Junto a ella apareció Kiler Hidalgo Mori, joven lamista que decidió regresar a sus raíces para emprender en su propia tierra. Más que crear una empresa, buscaba impulsar un proyecto que generara empleo, dinamizara la economía local y enseñara a valorar el verdadero chocolate artesanal, aquel que conserva los sabores del bosque y el trabajo de quienes lo producen.
Así nació Pepitas de Cacao, una marca construida sobre la unión de la sierra y la selva, y sobre el esfuerzo de dos jóvenes convencidos de que el desarrollo también puede surgir desde lo local. Los inicios fueron difíciles. Participaron en ferias, recorrieron eventos y dedicaron años a explicar sus procesos y convencer a los consumidores de que un chocolate artesanal podía competir en calidad y creatividad.
Con el tiempo, el esfuerzo empezó a dar resultados. Las ferias se convirtieron en vitrinas, los eventos en escuelas y cada cliente satisfecho en una nueva oportunidad de crecimiento. Ganaron concursos, participaron en proyectos y accedieron a programas impulsados por el Estado y el Gobierno Regional.
Después de ocho años como emprendimiento familiar, en 2023 dieron un paso decisivo: se constituyeron formalmente como empresa bajo el nombre KAKAW MURUNKUNA E.I.R.L., denominación inspirada en el quechua lamista y cuyo significado es precisamente “Pepitas de Cacao”, reafirmando así su compromiso con la cultura y la identidad local.

La evolución continuó en 2025, cuando la empresa accedió a fondos no reembolsables de ProInnóvate, programa del Ministerio de la Producción orientado a fortalecer la innovación empresarial. El objetivo fue incorporar herramientas digitales para mejorar la trazabilidad de la producción, optimizar compras y ventas y fortalecer la comercialización online.
Los resultados fueron contundentes. La implementación de sistemas digitales permitió reducir los costos operativos en un 47,15 %, superando ampliamente la meta inicial planteada. La digitalización de inventarios, compras, facturación y producción mejoró el control interno y elevó la eficiencia del negocio.

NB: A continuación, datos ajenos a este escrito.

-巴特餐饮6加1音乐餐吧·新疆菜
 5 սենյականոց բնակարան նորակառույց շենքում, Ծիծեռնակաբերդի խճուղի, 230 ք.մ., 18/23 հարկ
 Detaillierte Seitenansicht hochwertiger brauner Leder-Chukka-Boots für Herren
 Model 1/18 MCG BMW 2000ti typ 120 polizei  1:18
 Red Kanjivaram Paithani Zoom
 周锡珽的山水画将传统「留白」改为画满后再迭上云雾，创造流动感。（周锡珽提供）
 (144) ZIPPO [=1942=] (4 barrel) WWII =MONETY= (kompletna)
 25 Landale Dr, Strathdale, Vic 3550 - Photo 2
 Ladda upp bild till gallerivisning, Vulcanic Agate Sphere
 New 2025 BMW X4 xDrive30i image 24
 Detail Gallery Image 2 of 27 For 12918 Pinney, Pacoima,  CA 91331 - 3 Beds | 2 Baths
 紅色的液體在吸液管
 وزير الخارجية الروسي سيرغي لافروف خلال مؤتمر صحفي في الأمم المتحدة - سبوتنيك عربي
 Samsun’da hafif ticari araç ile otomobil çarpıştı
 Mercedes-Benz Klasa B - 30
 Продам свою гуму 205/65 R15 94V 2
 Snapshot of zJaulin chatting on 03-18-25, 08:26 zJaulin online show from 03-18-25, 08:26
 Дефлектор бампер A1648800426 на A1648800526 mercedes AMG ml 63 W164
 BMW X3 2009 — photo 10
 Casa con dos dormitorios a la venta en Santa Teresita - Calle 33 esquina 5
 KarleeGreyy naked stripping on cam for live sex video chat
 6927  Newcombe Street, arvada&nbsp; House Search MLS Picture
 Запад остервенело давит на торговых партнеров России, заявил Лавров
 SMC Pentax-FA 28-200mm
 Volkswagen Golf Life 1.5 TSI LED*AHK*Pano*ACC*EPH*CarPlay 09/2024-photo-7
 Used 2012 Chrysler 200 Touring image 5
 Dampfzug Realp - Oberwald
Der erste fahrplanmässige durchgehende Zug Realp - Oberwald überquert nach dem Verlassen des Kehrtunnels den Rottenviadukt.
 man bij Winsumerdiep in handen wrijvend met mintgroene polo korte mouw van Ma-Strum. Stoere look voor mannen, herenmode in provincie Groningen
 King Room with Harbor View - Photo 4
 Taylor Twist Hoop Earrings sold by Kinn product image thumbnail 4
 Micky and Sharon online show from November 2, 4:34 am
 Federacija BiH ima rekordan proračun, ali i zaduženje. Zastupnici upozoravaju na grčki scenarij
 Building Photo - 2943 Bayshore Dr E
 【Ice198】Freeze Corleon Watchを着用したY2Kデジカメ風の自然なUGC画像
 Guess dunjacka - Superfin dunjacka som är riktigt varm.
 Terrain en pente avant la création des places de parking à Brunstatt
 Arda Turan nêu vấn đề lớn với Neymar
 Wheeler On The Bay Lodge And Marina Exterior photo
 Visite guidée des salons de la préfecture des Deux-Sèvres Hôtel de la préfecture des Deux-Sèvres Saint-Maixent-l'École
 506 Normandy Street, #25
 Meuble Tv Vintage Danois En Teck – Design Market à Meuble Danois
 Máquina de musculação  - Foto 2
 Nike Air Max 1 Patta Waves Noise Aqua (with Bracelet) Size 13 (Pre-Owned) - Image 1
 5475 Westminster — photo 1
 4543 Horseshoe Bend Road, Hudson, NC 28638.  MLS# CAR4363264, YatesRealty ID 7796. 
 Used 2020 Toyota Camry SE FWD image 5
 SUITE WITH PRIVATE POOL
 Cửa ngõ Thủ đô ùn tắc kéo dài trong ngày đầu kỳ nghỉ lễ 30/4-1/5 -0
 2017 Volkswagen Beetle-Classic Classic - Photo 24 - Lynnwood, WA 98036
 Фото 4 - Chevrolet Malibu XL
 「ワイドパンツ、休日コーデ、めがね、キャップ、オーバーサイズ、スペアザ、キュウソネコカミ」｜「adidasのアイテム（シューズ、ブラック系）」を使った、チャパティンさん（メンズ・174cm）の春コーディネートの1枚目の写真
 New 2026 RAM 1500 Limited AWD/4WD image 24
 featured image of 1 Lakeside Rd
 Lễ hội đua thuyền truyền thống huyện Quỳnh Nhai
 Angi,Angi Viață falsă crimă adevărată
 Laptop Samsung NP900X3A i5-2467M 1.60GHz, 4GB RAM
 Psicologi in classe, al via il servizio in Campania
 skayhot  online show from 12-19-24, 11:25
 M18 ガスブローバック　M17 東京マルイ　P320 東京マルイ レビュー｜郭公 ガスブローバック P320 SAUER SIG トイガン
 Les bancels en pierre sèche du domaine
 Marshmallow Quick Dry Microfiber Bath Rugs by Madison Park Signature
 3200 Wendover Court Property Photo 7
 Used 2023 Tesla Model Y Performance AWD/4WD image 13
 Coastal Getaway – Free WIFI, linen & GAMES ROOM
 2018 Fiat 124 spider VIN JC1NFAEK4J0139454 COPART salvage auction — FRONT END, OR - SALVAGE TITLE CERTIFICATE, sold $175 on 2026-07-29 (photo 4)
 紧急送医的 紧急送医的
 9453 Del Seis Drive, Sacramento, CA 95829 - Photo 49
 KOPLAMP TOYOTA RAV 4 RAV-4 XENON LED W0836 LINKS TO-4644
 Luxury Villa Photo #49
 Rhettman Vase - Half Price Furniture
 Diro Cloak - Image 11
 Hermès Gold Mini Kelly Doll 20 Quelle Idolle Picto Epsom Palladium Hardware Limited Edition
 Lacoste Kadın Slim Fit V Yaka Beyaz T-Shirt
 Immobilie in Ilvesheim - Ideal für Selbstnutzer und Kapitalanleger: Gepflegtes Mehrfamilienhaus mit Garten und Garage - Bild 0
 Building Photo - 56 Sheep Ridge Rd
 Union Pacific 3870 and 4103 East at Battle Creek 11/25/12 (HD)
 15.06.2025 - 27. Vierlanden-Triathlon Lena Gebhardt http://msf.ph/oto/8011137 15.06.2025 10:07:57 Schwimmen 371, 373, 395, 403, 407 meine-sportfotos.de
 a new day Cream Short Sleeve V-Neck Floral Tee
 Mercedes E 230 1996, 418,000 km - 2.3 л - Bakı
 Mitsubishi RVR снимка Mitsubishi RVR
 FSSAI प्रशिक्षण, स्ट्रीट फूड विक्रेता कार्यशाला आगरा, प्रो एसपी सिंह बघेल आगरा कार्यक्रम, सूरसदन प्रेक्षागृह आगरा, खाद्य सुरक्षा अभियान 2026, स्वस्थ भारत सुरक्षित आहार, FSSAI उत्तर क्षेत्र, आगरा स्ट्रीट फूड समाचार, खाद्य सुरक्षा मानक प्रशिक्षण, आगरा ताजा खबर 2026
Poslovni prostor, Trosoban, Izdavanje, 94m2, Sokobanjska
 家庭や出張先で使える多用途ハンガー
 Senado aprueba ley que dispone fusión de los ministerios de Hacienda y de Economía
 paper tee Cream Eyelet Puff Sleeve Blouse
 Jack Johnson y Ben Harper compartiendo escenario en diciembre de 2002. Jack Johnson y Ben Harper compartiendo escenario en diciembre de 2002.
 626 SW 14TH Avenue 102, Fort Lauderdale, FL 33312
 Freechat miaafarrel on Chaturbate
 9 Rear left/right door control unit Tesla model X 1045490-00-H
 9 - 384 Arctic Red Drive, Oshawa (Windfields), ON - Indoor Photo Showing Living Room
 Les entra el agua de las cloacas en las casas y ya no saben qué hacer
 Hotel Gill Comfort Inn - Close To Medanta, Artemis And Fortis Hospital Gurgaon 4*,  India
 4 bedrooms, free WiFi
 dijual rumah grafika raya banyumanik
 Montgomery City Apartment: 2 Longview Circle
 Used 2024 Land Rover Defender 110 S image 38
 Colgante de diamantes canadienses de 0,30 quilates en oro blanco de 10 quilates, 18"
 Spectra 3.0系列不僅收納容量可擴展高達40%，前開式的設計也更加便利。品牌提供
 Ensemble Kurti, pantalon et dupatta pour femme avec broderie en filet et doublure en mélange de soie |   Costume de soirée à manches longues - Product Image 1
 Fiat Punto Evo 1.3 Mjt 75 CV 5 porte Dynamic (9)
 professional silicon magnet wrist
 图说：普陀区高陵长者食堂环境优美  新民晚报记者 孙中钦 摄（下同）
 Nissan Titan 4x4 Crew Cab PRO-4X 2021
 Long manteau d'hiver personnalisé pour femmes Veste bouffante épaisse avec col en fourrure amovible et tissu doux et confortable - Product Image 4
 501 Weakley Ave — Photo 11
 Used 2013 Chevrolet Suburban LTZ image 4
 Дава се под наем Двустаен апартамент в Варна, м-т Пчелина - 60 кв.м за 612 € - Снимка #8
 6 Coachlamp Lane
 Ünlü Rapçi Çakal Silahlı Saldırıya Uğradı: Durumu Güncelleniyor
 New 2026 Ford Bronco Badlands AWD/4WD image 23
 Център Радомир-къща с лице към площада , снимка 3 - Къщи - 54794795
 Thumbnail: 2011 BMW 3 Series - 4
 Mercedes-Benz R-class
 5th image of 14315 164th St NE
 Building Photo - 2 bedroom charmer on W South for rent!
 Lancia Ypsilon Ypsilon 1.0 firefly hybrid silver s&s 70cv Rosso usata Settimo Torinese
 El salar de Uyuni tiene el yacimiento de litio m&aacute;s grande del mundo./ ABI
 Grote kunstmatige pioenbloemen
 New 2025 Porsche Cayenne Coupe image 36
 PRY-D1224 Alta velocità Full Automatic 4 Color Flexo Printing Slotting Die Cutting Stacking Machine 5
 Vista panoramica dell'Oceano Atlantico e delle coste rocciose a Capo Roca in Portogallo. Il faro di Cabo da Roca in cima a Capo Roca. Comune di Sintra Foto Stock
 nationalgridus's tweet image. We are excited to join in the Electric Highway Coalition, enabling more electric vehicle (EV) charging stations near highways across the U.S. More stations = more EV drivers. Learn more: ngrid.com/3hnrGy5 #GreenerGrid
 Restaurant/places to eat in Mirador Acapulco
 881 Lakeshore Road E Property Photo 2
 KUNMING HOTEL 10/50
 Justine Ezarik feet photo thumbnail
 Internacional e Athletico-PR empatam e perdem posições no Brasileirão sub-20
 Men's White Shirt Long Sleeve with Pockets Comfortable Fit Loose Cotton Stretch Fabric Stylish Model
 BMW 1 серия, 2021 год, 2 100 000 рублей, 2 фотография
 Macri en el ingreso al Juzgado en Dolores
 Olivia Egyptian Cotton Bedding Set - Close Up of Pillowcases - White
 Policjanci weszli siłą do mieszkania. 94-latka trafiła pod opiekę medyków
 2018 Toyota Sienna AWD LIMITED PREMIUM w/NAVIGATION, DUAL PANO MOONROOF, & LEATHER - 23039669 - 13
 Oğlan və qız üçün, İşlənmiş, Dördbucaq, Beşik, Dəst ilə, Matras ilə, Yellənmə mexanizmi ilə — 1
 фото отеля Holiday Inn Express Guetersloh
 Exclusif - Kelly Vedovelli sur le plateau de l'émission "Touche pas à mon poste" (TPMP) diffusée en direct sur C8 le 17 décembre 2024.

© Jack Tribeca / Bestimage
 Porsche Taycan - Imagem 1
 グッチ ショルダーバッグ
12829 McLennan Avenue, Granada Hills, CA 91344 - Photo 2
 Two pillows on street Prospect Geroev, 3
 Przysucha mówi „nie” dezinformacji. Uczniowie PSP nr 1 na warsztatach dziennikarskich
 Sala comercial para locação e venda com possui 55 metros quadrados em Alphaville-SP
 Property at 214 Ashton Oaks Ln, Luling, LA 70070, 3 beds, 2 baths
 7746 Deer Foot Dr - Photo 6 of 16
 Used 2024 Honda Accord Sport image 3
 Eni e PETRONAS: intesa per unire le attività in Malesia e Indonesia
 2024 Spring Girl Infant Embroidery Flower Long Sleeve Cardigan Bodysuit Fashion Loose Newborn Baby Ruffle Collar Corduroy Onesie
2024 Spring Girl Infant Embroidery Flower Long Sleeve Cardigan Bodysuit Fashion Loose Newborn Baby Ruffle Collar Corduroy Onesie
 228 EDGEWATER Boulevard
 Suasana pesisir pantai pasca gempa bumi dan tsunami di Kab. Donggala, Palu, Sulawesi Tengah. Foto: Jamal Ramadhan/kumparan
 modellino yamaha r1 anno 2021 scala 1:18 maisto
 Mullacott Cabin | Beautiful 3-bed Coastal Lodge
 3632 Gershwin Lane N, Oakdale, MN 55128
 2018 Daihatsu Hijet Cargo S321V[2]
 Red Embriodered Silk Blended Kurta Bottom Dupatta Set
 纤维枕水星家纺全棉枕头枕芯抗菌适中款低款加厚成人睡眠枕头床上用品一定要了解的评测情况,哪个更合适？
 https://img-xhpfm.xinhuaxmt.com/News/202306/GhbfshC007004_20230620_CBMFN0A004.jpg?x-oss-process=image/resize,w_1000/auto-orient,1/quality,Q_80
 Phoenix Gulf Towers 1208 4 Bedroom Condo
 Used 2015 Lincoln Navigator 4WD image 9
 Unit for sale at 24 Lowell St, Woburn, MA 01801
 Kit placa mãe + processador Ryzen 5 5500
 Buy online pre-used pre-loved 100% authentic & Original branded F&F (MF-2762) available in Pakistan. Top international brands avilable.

Al mismo tiempo, la marca logró mayor visibilidad. La creación de la página web oficial, el fortalecimiento de redes sociales y la generación de contenido digital permitieron posicionar a Pepitas de Cacao en nuevos mercados. Facebook registró un crecimiento del 48,4 % en seguidores, Instagram aumentó un 16,4 % y TikTok superó el 238 % de crecimiento.
Sin embargo, el mayor avance fue humano. La satisfacción de los clientes pasó del 48 % al 88 %, mientras que los tiempos de respuesta y los envíos mejoraron notablemente. La tecnología dejó de verse como algo lejano y se convirtió en una herramienta para potenciar el trabajo local.

La historia de Pepitas de Cacao deja una lección poderosa para los jóvenes emprendedores: los productos locales sí pueden convertirse en empresas sostenibles cuando se combinan identidad, innovación y visión de futuro.
San Martín posee cacao, café, frutas amazónicas, plantas medicinales, gastronomía y conocimientos ancestrales. Pero muchas veces esos recursos se comercializan únicamente como materia prima, sin generar valor agregado.
Experiencias como la de Neydi y Kiler muestran otro camino: transformar, innovar y contar historias a través de los productos locales. Porque emprender con lo nuestro no significa quedarse atrás; significa construir desarrollo desde el origen.
Hoy, desde Lamas, Pepitas de Cacao demuestra que el futuro puede tener sabor a cacao, pero también a identidad, esfuerzo y raíces.